As of September 2015, the self-funded plan provides health coverage for 946 pastors and other church staff members in a total of 262 congregations. Three-hundred seventy-eight total congregations are participating in the plan, including those that are waiving coverage because it is available through an employee’s spouse’s plan or because they do not have eligible employees. The waiving congregations offer support to the plan and hold open the option of joining the plan outside of open enrollment without going through underwriting.
The Church Benefits Board that oversees the plan decided in September 2014 to allow congregations that end their membership in an area conference of Mennonite Church USA to stay on the plan’s health coverage if they choose. If they leave the plan, though, they may not join it again. The board reaffirmed these “grandfather” guidelines at its Sept. 10, 2015, meeting, and will review them in September 2016.
“The board wrestled with this decision since The Corinthian Plan is a Mennonite Church USA program, but thought that it would be good both for the plan and for relationships in the church to keep the plan’s focus on providing health coverage,” Smith says. “We didn’t want to be at the center of congregational discussions about whether to stay or not.”
Smith says that conference leaders were informed of the “grandfather” guidelines and that two congregations have continued their health coverage through them.
TCP vs. ACA
While the Church Benefits Board that oversees the plan had anticipated potential losses in 2015, participation in the plan has held steady, with only a small decline in numbers, Smith says.
He explains that some of the decline has to do with congregations recognizing that the Affordable Care Act (ACA) provides “a safety net” in coverage. Two provisions that were unique features of The Corinthian Plan when it started in 2010 — guaranteed insurability regardless of a person’s medical condition, and a credit or “subsidy” program to assist those who could not afford health coverage — are also part of the ACA.
“However, TCP subsidies are figured on congregational resources and ACA subsidies on individual income, so it is not like comparing apples to apples in how a congregation or person may benefit from either program,” he notes.
Smith says that since its beginning, TCP has provided more than $2.2 million to congregations in subsidies to help cover their premiums through the Fair Balance Fund, to which TCP member congregations contribute $10 per regular attender. He says he has heard much appreciation expressed for the subsidies.
“Unfortunately, TCP subsidies will not be able to be as generous going forward, because the need has grown, as have the premiums,” he says, adding that rate increases for 2016 will mostly be below the industry average of 9.9 percent but recognizing that any rate increase can be difficult for members.
Smith also notes that congregations will experience specific annual premium changes based on the number of persons on the plan as well as their age, gender and geographic location.

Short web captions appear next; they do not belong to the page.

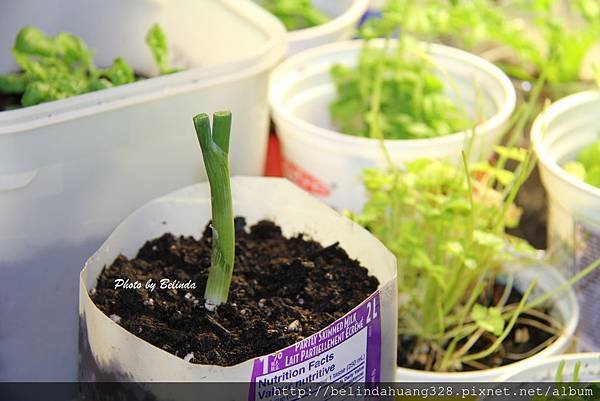 Indoor herb gardens 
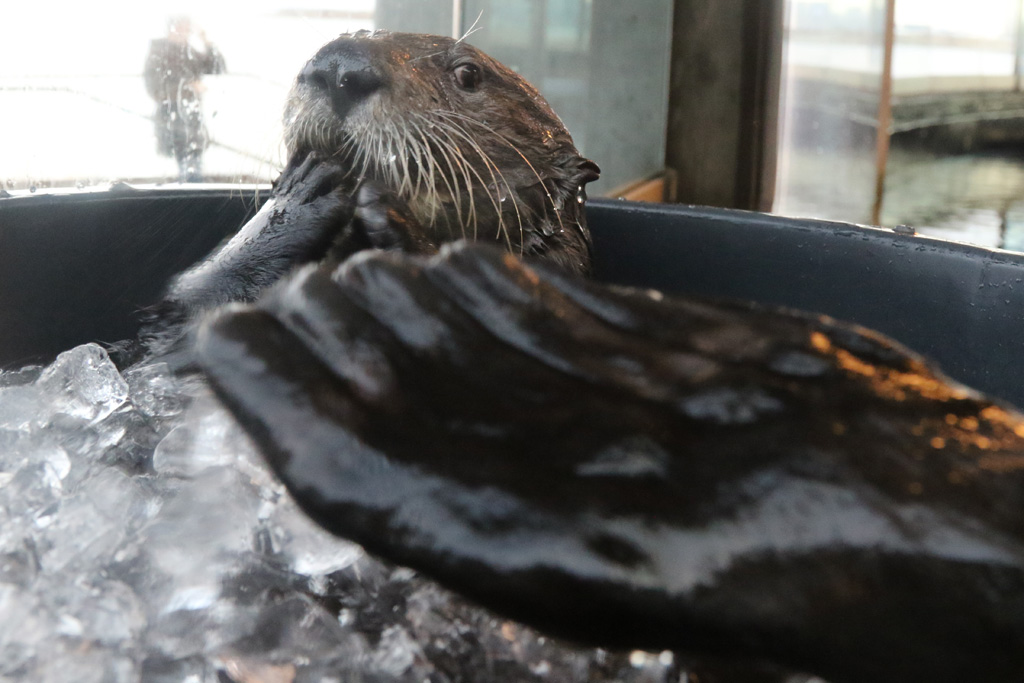 Sea Otter at Den Blå Planet 14/01/2017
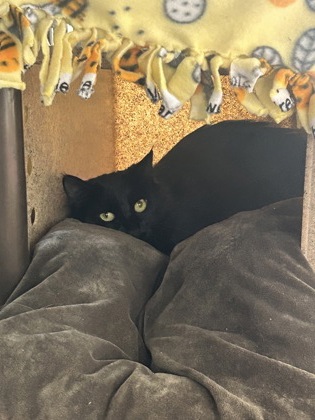Juniper
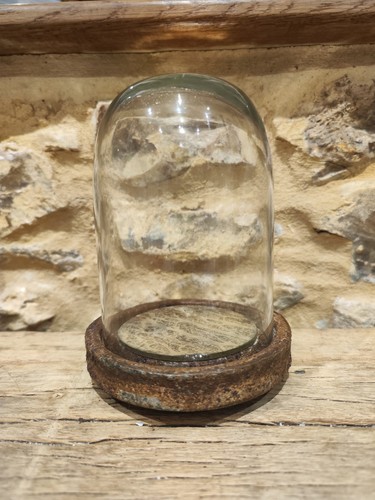Glass cloche bell dome - glass,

According to Smith, TCP remains competitive with other similar deductible plans. He notes that in addition to offering health coverage, the plan includes a package of Life Insurance, Accidental Death & Disability, and Long-Term Disability coverage, which must be purchased separately in the open market.
Through participating in the plan’s wellness incentive, pastors and their spouses can receive up to $300 each annually. Jan. 31, 2016, is the deadline for applying for the wellness incentive for 2015.
Congregations wishing to join TCP can enroll between Nov. 1, 2015, and Jan. 31, 2016. (This open enrollment period mirrors that of the ACA.) A congregation may apply in November or December to begin coverage Jan. 1, 2016. Congregations applying in January 2016 will begin coverage Feb. 1, 2016.
The Corinthian Plan is owned by Mennonite Church USA and its participating congregations. Through separate pools, it provides benefits to employees of the Executive Board Staff, Mennonite Mission Network, Everence and Associated Mennonite Schools and Camps. Everence — the denomination’s stewardship agency — administers the plan, and claims are paid by Blue Cross Blue Shield.